Em reunião realizada nesta 2ª feira, 50 políticos discutiram estratégias para enfrentar a situação de Bolsonaro, que estava em prisão domiciliar antes da detenção preventiva. A ideia principal é votar ainda nesta semana no plenário da Câmara a anistia para os acusados pelos atos de 8 de Janeiro e por tentativa de golpe de Estado nas eleições de 2022.

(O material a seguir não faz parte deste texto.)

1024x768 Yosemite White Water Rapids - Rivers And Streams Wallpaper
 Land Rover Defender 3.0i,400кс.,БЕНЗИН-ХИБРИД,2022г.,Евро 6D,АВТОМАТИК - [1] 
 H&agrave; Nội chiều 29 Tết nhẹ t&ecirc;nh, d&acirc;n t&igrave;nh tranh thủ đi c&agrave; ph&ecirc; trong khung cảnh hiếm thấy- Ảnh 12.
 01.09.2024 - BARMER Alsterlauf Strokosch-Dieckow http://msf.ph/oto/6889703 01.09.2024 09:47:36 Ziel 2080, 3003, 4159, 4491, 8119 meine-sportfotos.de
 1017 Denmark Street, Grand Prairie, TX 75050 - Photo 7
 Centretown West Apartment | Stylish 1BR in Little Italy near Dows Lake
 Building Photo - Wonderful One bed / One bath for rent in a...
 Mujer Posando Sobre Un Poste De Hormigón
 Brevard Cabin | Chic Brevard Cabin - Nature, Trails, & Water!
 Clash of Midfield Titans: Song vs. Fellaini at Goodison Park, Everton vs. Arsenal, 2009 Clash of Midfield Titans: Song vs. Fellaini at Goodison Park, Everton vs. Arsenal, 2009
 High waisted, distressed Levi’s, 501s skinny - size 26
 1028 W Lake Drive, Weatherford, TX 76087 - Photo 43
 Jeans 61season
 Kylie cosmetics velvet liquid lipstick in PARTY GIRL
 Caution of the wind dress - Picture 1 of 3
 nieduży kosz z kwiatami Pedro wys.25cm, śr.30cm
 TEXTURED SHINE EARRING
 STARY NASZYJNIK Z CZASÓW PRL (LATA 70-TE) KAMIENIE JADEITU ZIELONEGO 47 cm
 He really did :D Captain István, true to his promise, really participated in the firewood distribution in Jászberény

Depois do encontro do partido, o senador Flávio Bolsonaro (PL-RJ), filho mais velho do ex-presidente, reafirmou que não abrirá mão “de buscar isentar pessoas inocentes de punições absurdas”, ressaltando que o ex-presidente teve a prisão domiciliar revogada “com base na intolerância religiosa”.
A prisão de Bolsonaro foi determinada depois que Moraes considerou que uma vigília convocada por Flávio poderia gerar tumulto e facilitar uma possível fuga do ex-presidente. Segundo o PL, isso configuraria preconceito religioso.
O filho do ex-presidente também declarou que o “objetivo único é a aprovação do projeto de anistia” a partir de agora. O partido tentará incluir o tema na reunião de líderes da Câmara nesta 3ª feira (25.nov), ainda sem horário definido, para pressionar o presidente da Casa, Hugo Motta (Republicanos-PB), a levar a proposta ao plenário
O PL da Anistia, apresentado pelo deputado Marcelo Crivella (Republicanos-RJ) em 2023, teve a urgência aprovada em 17 de setembro em vitória para a oposição do governo do presidente Luiz Inácio Lula da Silva (PT).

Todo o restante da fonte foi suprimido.